Las tripas de Anita llenaron el aire de borborigmos, lo que hizo sonreír a la pareja. La mujer no había probado bocado desde el día anterior a mediodía, un método infalible, según ella, para encontrarse guapa y animosa a la mañana siguiente. John descolgó el teléfono y pidió al servicio de habitaciones dos
petit-déjeuner anglais
. Luego preguntó a su mujer:
—¿Cómo has llegado a la ridicula conclusión de que estoy enganchado a Lucy?
—No he dicho que estés enganchado —protestó ella. Una de las habilidades de John, durante las discusiones matrimoniales, era la de poner en su boca palabras que ella no había pronunciado—. Pero no puedes negar que, de un tiempo a esta parte, lo estás tomando con cierta frecuencia, y por eso he empezado a leer cosas sobre él. Uno de los efectos secundarios me ha parecido especialmente siniestro.
—¿De qué estás hablando? —dijo John, molesto—. ¿Efectos secundarios? ¿Ahora eres médico?
—Hablo de los
flashbacks
, John. Es así como los llaman, ¿no? Me refiero a recurrencias alucinatorias de viajes anteriores. Tú ya no necesitas tomar LSD para vivir una alucinación. El ácido puede jugarte malas pasadas incluso meses después de haberte tomado el último. He hablado con un par de médicos y…
—¿Qué? —exclamó John, incapaz ya de disimular su irritación—. ¿Le vas contando a la gente lo que tomo y lo que dejo de tomar?

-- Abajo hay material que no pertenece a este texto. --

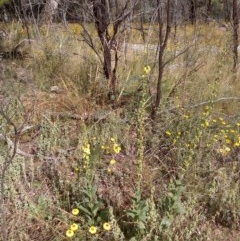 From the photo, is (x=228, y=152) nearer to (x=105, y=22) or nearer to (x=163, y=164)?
(x=163, y=164)

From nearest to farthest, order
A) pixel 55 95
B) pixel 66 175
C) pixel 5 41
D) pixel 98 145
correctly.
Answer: pixel 66 175
pixel 98 145
pixel 55 95
pixel 5 41

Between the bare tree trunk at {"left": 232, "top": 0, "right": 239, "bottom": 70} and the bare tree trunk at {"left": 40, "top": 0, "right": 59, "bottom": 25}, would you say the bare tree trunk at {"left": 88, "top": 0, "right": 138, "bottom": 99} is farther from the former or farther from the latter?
the bare tree trunk at {"left": 40, "top": 0, "right": 59, "bottom": 25}

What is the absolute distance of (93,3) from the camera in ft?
9.83

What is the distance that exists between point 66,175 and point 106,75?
1.26 meters

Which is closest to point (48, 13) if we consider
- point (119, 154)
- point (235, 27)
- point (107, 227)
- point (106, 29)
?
point (106, 29)

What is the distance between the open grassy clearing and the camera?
1883 mm

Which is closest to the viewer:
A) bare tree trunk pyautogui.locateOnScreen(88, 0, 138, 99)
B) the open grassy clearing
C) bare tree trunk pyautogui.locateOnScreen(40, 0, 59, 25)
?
the open grassy clearing

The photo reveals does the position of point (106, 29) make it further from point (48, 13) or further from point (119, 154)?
point (48, 13)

—A la gente, no —intentó tranquilizarle Anita—. Te acabo de decir que son médicos, y están obligados por el secreto profesional. Además, sólo a uno de ellos le he mencionado tu nombre.
John logró dominarse, aunque por dentro se lo llevaban los demonios.
—Ana —dijo—, el LSD es una sustancia ilegal en la mayoría de los países. No sé con qué médicos has hablado, pero no me hace ninguna gracia que sepan ciertas cosas sobre mí. Imagínate que uno de ellos comete una indiscreción y la cosa salta a la prensa. A John Lennon casi lo crucificaron en Estados Unidos por haber consumido marihuana en Inglaterra.
—Eran otros tiempos —respondió ella—. Y además, los médicos son personas de toda confianza. A uno de ellos incluso lo conoces.
—¿Kesselman? —preguntó John, ya a punto de estallar. El silencio asertivo de su mujer hizo revolverse en su silla al músico.
—¡Cojonudo! —John tronaba, paseando por la habitación a grandes zancadas.
En ese momento, el camarero del servicio de habitaciones, que les traía el desayuno, llamó a la puerta y el músico lo recibió con cajas destempladas.
—¡Deje el carrito en el pasillo y no incordie! ¿No ve que nos estamos drogando? —le espetó, cerrándole luego la puerta en las narices.
La extemporánea reacción de John hizo que su mujer se avergonzara de él y se tapara incluso la cara con las manos.
—John, por favor —le suplicó.
—¡Por favor, una mierda! —vociferó él—. ¡Le has contado a uno de tus ex que soy consumidor de LSD! Y naturalmente, él habrá aprovechado para recordarte lo mal que hiciste al dejarle, para unirte a un pobre yonqui como yo.